_Task brief_
Reproduce the listing in full, exactly as written, but without images.

_Task input_
··········

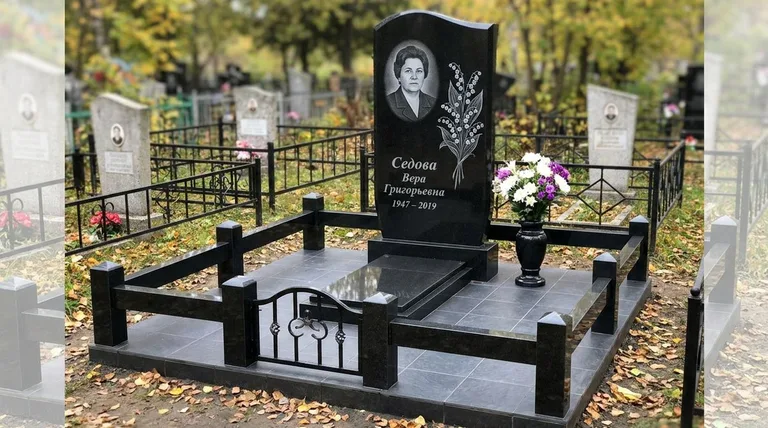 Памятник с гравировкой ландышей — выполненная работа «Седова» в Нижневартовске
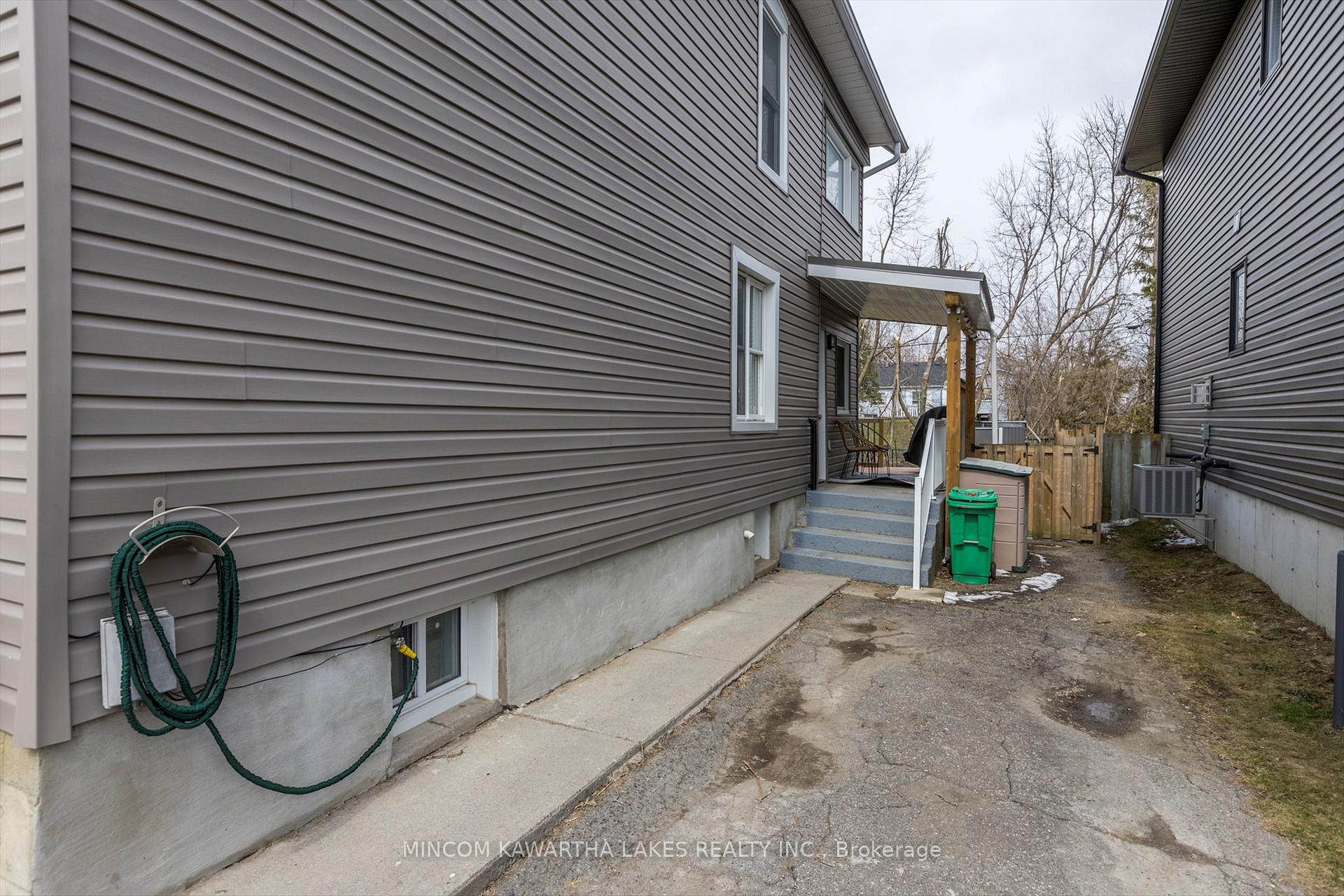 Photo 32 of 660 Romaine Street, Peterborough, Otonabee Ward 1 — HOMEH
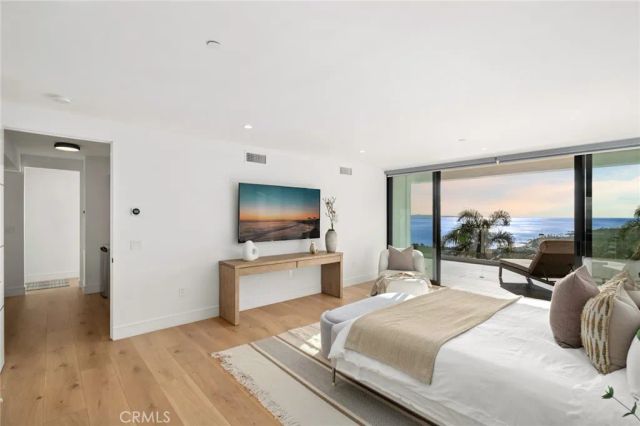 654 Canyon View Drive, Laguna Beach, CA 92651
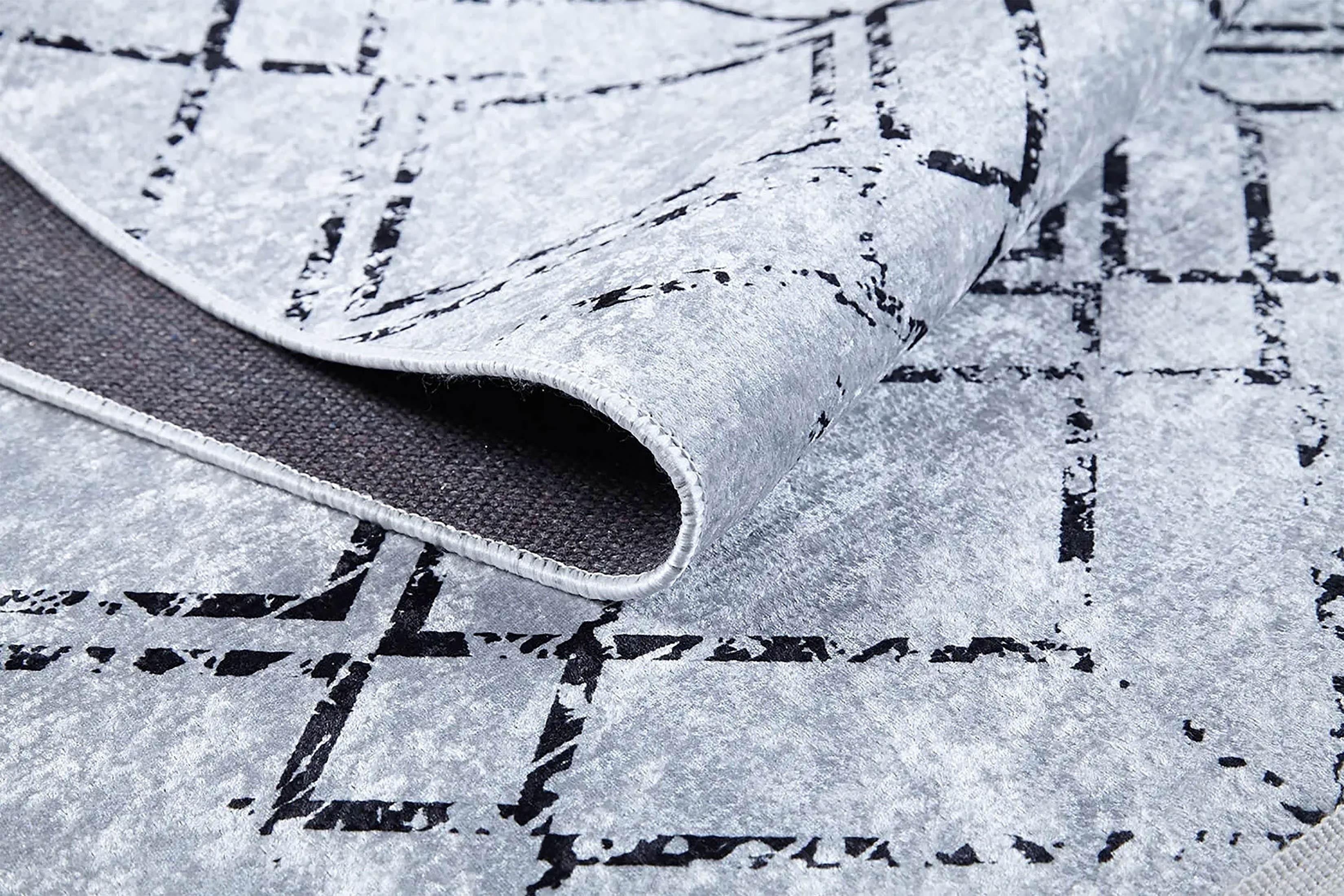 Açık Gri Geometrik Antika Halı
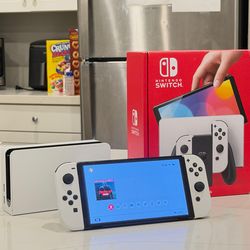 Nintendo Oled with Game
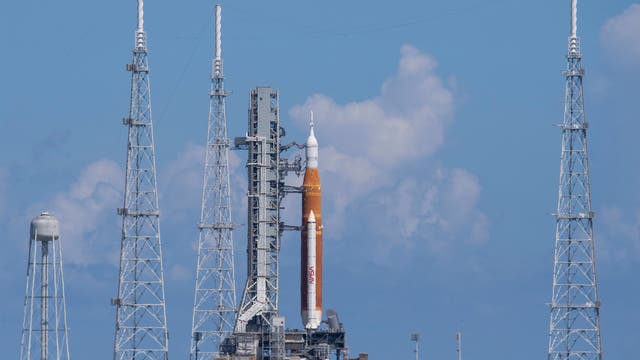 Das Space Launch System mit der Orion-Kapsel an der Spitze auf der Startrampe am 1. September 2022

··········

_Answer to this problem_
 Памятник с гравировкой ландышей — выполненная работа «Седова» в Нижневартовске
 Photo 32 of 660 Romaine Street, Peterborough, Otonabee Ward 1 — HOMEH
 654 Canyon View Drive, Laguna Beach, CA 92651
 Açık Gri Geometrik Antika Halı
 Nintendo Oled with Game
 Das Space Launch System mit der Orion-Kapsel an der Spitze auf der Startrampe am 1. September 2022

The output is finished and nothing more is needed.